U.S. State Department spokesperson Ned Price faced tough questioning by Associated Press reporter Matt Lee at a press conference on Feb. 3. The questioning began after Price told reporters that the United States had information that Russia was planning to release propaganda against Ukraine, without providing any evidence.
“What evidence do you have to support the idea that there is some propaganda film in the making?” Lee asked Price. The press secretary went on to tell Lee that the claim derived from declassified intelligence information.
Lee then asked Price where the information was, to which Price responded that he had just delivered it.
“No, you made a series of allegations and statements,” said Lee. “That’s not evidence.”

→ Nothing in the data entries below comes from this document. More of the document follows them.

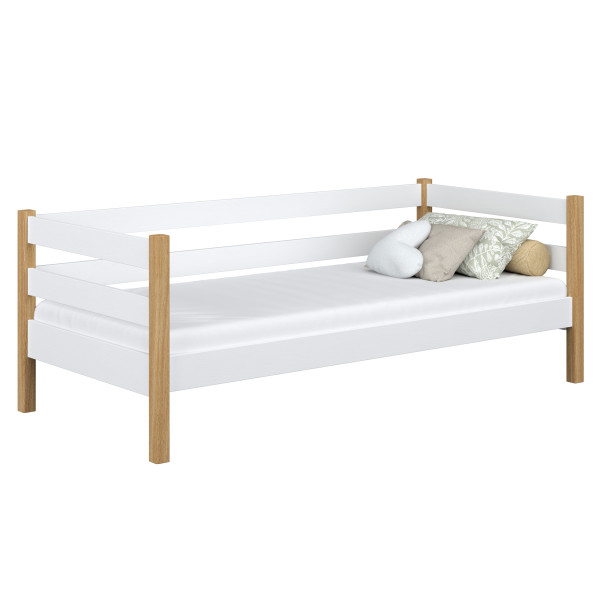 Drewniane łóżko sofa N01 80x180, 1203410
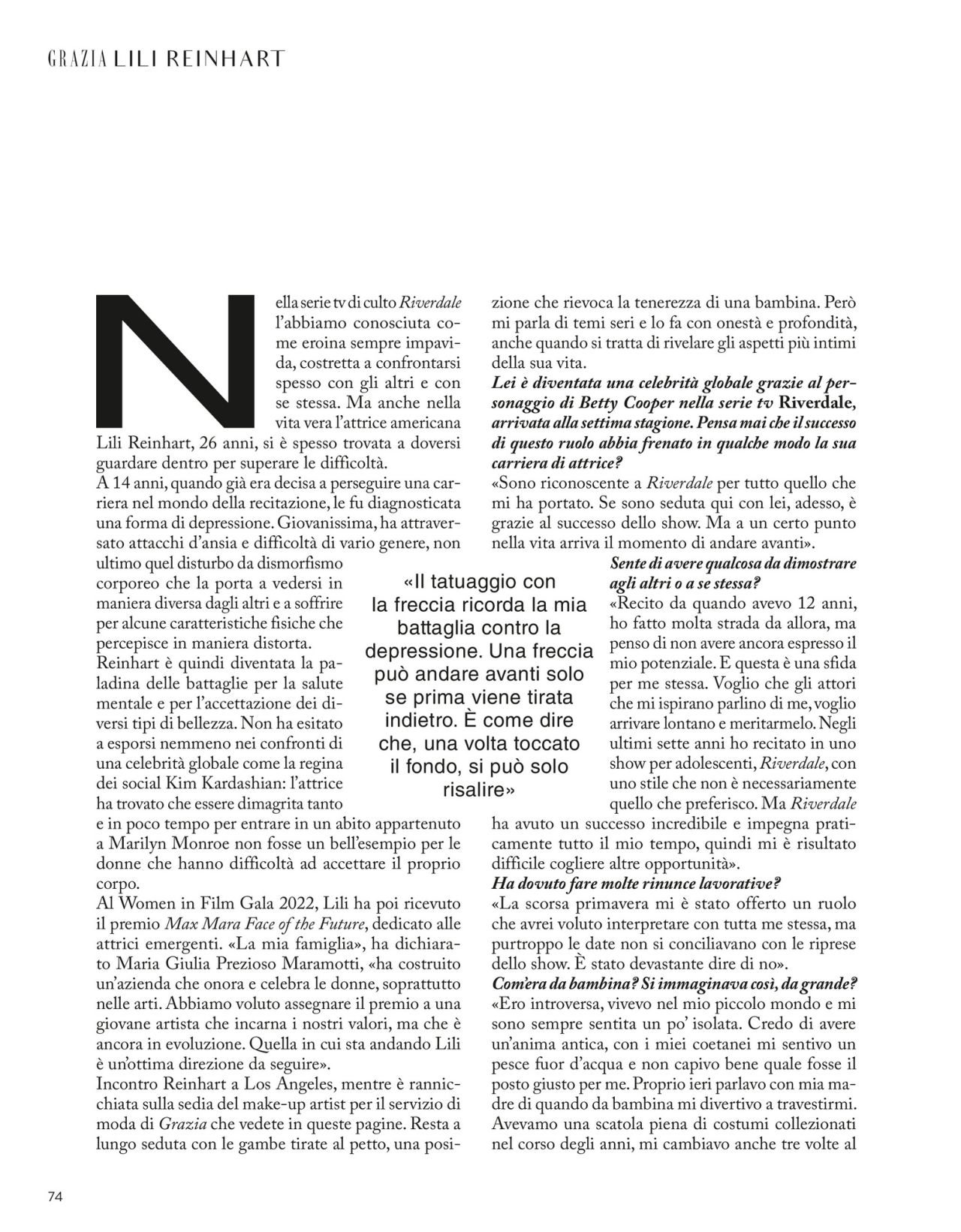 Lili Reinhart - Grazia Magazine Italy 03/30/2023 Issue • CelebMafia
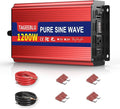 1200W Pure Sine Wave Inverter, 12V DC to 110V/120V AC Power Inverter for RV、Off Grid、Truck、with 2 AC outlets and LCD Display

Lee’s questioning of Price continued for some time before the State Department spokesperson began taking other questions. Other reporters echoed Lee’s request to see evidence to support the claim. Price assured all of the reporters assembled that the information was declassified, but did not offer any additional information.

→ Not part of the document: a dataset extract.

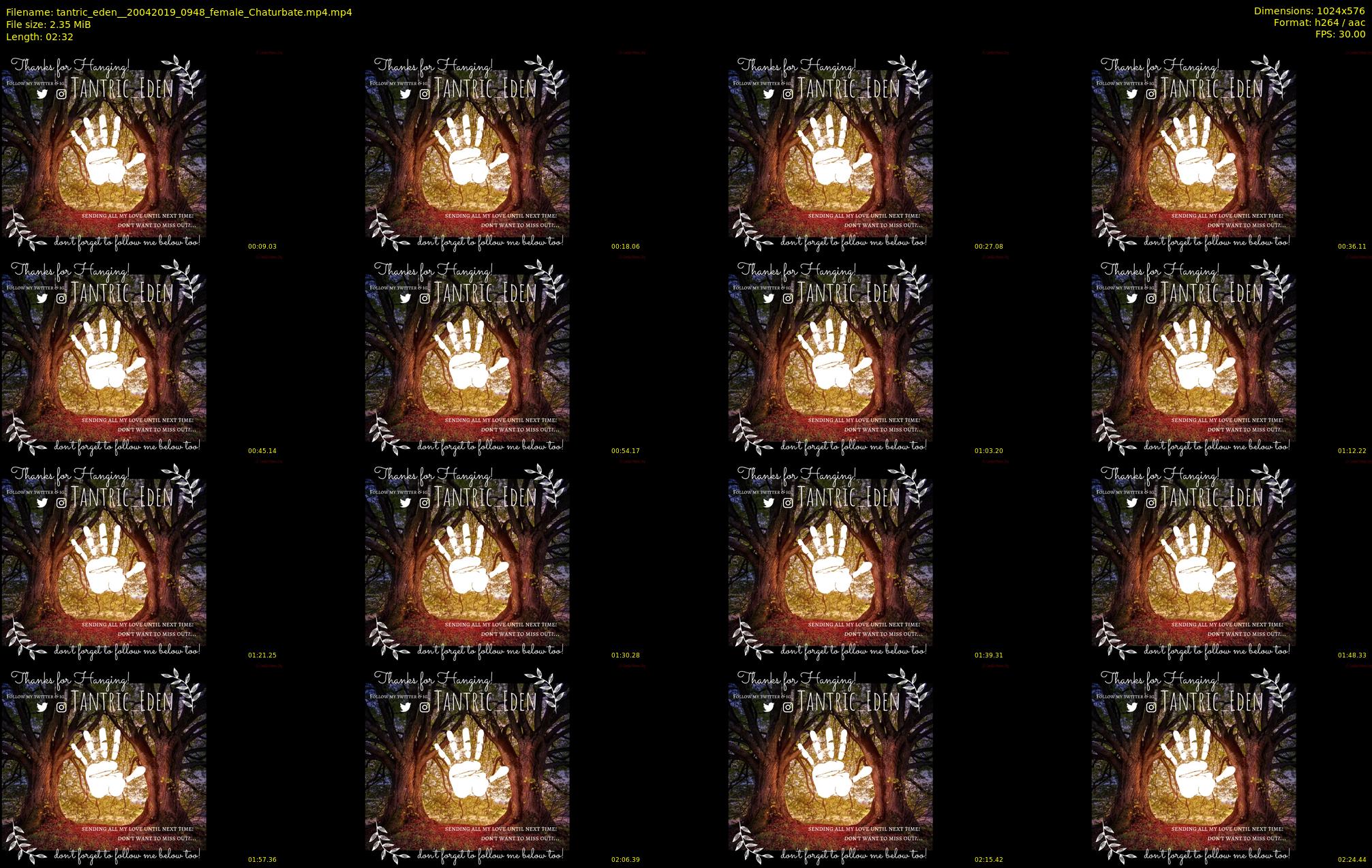 tantric_eden_ — 3 minute Chaturbate female cam show recording, 480p, Apr 20, 2019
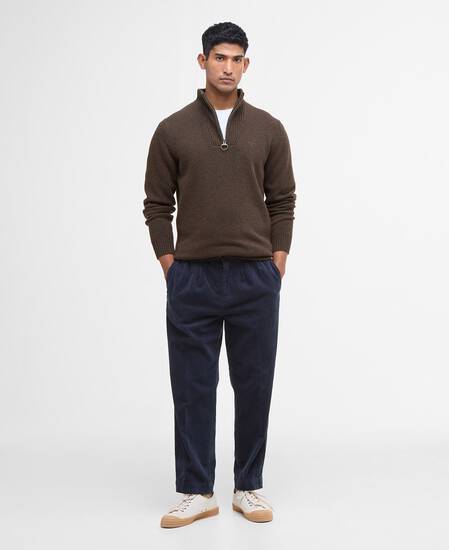 Essential Half-Zip Jumper Dark Oak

This back-and-forth between Price and the journalists demonstrates the need for members of the U.S. news media to serve their “fourth estate” role as watchdogs of government. The American news media is often referred to as the fourth branch of government, emphasizing the importance of informing the general public of the government’s actions.

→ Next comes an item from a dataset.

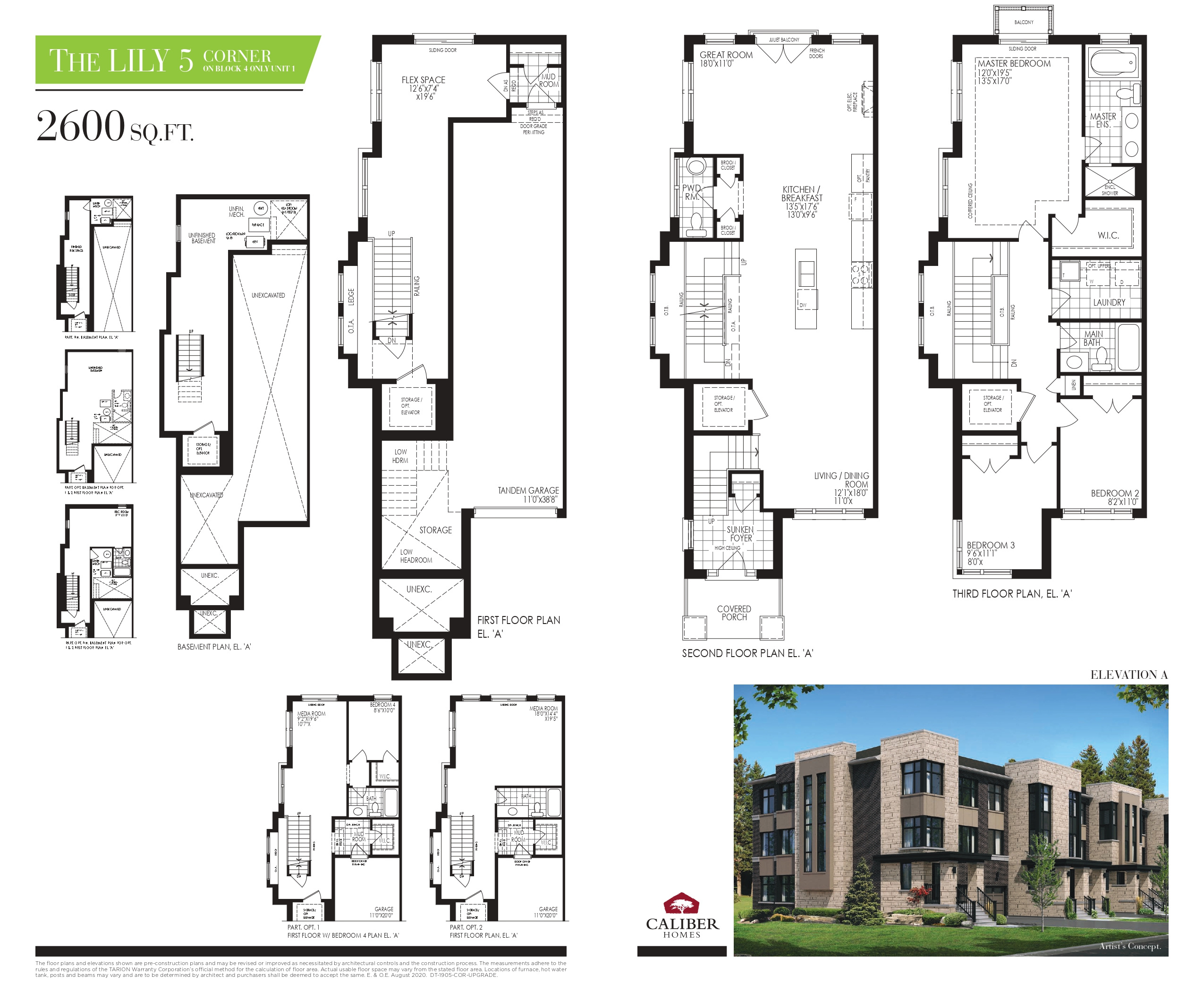 Floor plan of The Lily 5 Corner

In today’s Age of Information, however, the media is often portrayed in a negative light. This is not entirely without basis, as many outlets forgo objectivity in favor of promoting a political agenda.
While we cannot be certain whether or not Lee’s response was rooted in political bias, the main take-away from last Thursday’s press conference is the seriousness that reporters should take into their role as members of the fourth estate.
There are plenty of second-rate journalists would not have bothered questioning Price, instead taking his word that the State Department had the evidence to support its claim. The role of the media is not to simply regurgitate information, but to ask the questions the public wants to know and to hold elected officials accountable.
Whether motivated by opposing political ideas or not, Lee’s relentlessness illustrates the continuing need for journalists to fulfill their role as our nation’s fourth estate.